PRESIDENTE. L’ordine del giorno reca la discussione dei disegni di legge nn. 1428, 24, 103, 165, 180, 183, 199, 203, 219, 263, 349, 482, 500, 555, 571, 625, 716, 727, 893, 936, 1100, 1152, 1221, 1279, 1312 e 1409.

Il relatore, senatore Sacconi, ha chiesto l’autorizzazione a svolgere la relazione orale. Non facendosi osservazioni la richiesta si intende accolta.

Pertanto, ha facoltà di parlare il relatore.

SACCONI, relatore. Signora Presidente, signor Ministro, onorevoli colleghe e colleghi, nonostante o proprio in ragione della mia non breve esperienza parlamentare largamente concentrata sui temi riconducibili alla vita attiva della persona, mi accingo a svolgere la relazione al disegno di legge-delega di riforma del mercato del lavoro con la sincera emozione di chi auspica si concluda con questo atto un faticoso e contraddittorio percorso, avviato nel 1997 con la prima legge consigliata da Marco Biagi e più conosciuta come legge Treu. Iniziava allora, contestualmente ad analoghe iniziative in molti Paesi europei sollecitate dalla stessa Commissione, un processo di rinnovamento dei mercati del lavoro nel segno della combinazione tra le esigenze di flessibilità organizzativa delle imprese e quelle di migliore sicurezza delle persone rispetto alla continua occupazione e al reddito da lavoro nel contesto della globalizzazione delle economie.

Questa prima legge ebbe il merito di aprire una strada, di spezzare alcuni pregiudizi ideologici come quello del monopolio del collocamento pubblico, di consentire anche in Italia in particolare l’impiego del lavoro interinale anche se, a mio avviso, il trasferimento dei centri per l’impiego dallo Stato alle Province non si rivelò una soluzione felice e ha reso difficile fino ad oggi ogni loro effettiva rivalutazione.

Pochi anni dopo, nel 2001, Marco Biagi coordinò con me la redazione di un Libro bianco che descriveva le fragilità di un mercato del lavoro opaco e poco inclusivo, nel quale da un lato le imprese avevano persistentemente, anche in tempi di crescita tumultuosa, contenuto il livello della forza lavoro e la propria stessa dimensione mentre, dall’altro, le persone risultavano lasciate a se stesse nella ricerca di un’occupazione con forti divari di genere, di età e di territorio.

Egli indicava in conseguenza la soluzione, per un verso, nelle flessibilità regolatorie – in entrata e in uscita – del singolo rapporto di lavoro e, per l’altro, in una forte azione pubblica di orientamento, di agevole incontro tra domanda e offerta di lavoro, di investimento nelle competenze.

Se una cifra prevalente nella lezione di Marco Biagi mi permetto di individuare, questa si trova nell’importazione del concetto di occupabilità ovvero della continua autosufficienza della persona nel mercato del lavoro.
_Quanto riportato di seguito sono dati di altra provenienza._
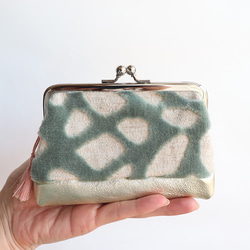 親子扣環錢包/飾品包，天鵝絨布料和牛皮材質，薄荷綠×鉑金 第1張的照片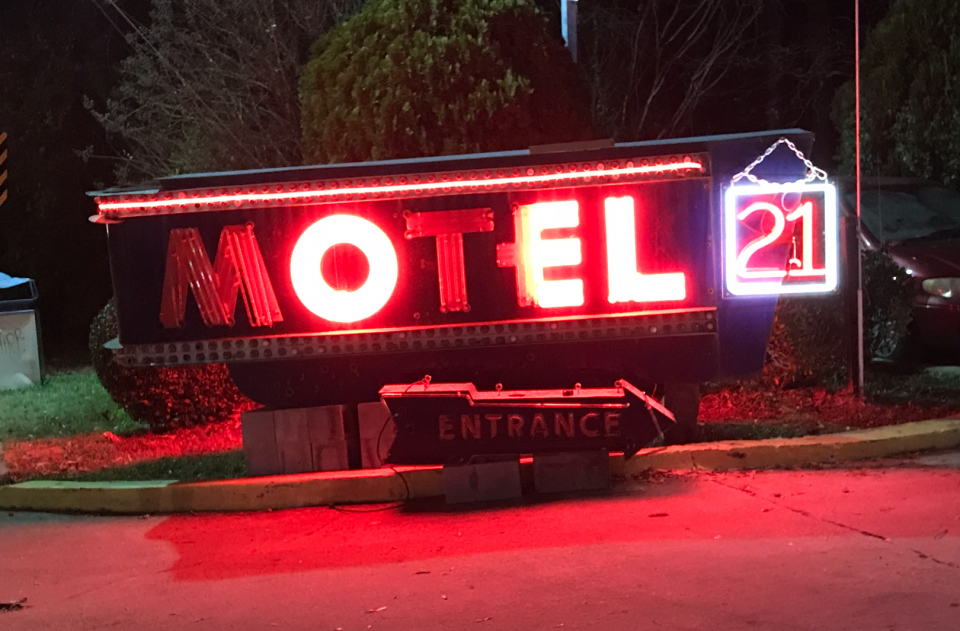 5 reasons Motel 21 is a hit that you don't want to miss
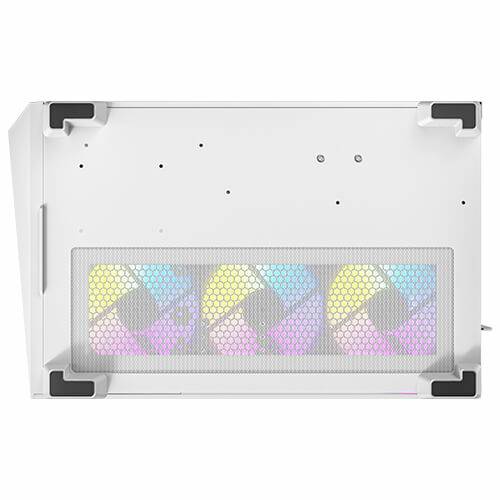 Bílý ventilátor počítačové skříně se třemi svítícími ventilátory s proměnlivou barvou, které jsou chráněny mřížkou.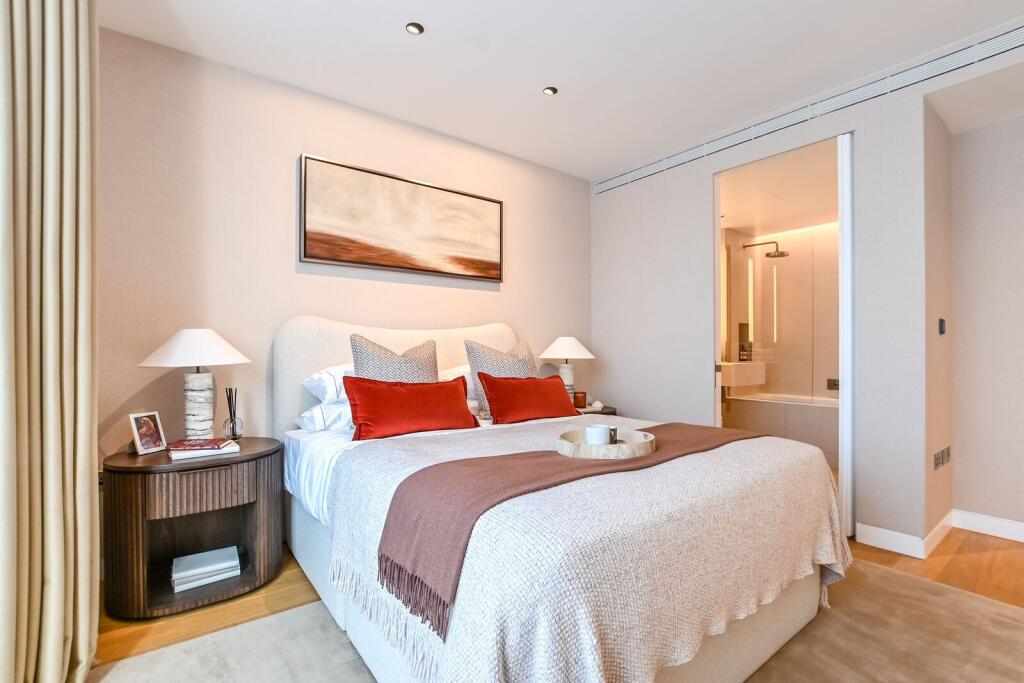 Apartment in London - View 5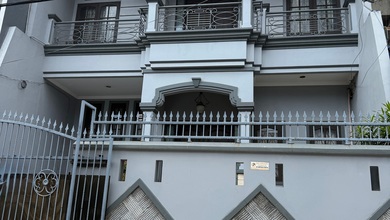 Hunian Mewah di Tanjung Duren, Jakarta Barat, 5 KT, LT 185m²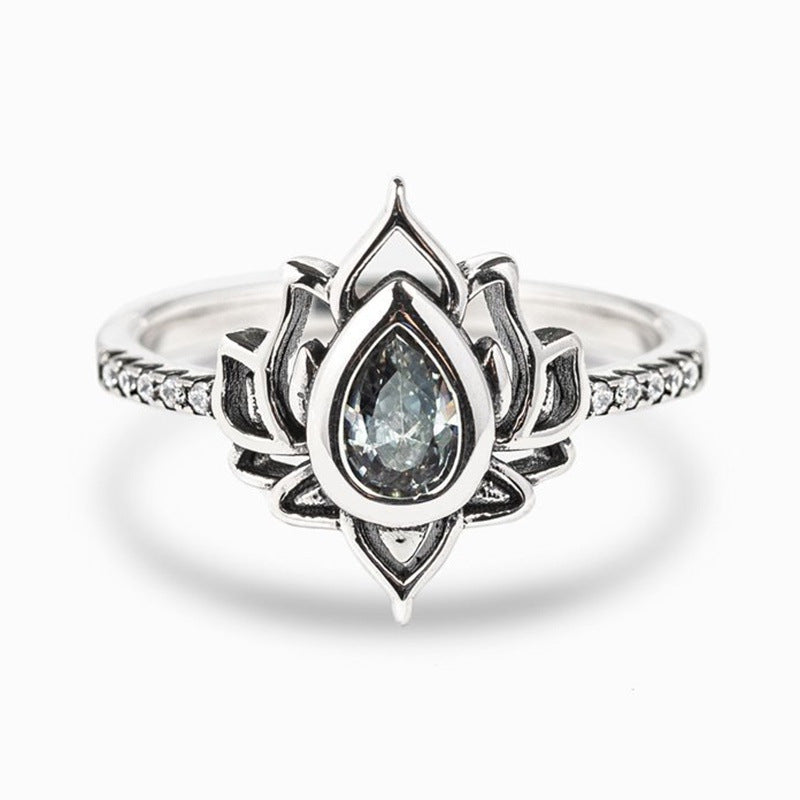 Beautiful Ring with Unique Style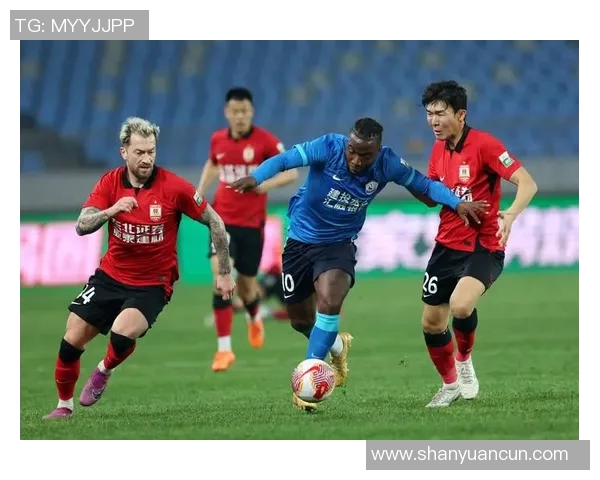 中国有哪些知名球星在足球领域取得突出成绩 中国有哪些知名球星在足球领域取得突出成绩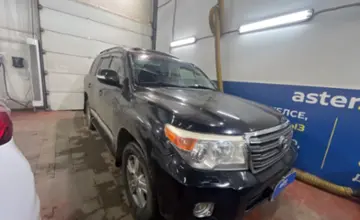 Toyota Land Cruiser 2013 года за 23 000 000 тг. в Астана фото 3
Ciò implica il passaggio dalle tutele rigide e passive ad una sorta di post-moderno articolo 18, consistente nel diritto del lavoratore di accedere alle conoscenze e alle competenze che egli liberamente, anche se utilmente consigliato, ritiene corrispondenti alle sue vocazioni e alle possibilità di occupazione.

Non a caso la cosiddetta “legge Biagi” viene concepita in parallelo ad un’impegnativa riforma del sistema educativo che per prima introduceva la possibilità di opzioni di tipo duale in quanto integranti l’apprendimento teorico con i saperi pratici.

Il ridisegno dei contratti di apprendistato fu realizzato in conseguenza, così come si pensò di spezzare l’autoreferenzialità di molte istituzioni educative attraverso l’introduzione nelle università e nelle scuole superiori di uffici di placement, ovvero di orientamento e di collocamento fino alla co-progettazione con le imprese di specifici percorsi di apprendimento.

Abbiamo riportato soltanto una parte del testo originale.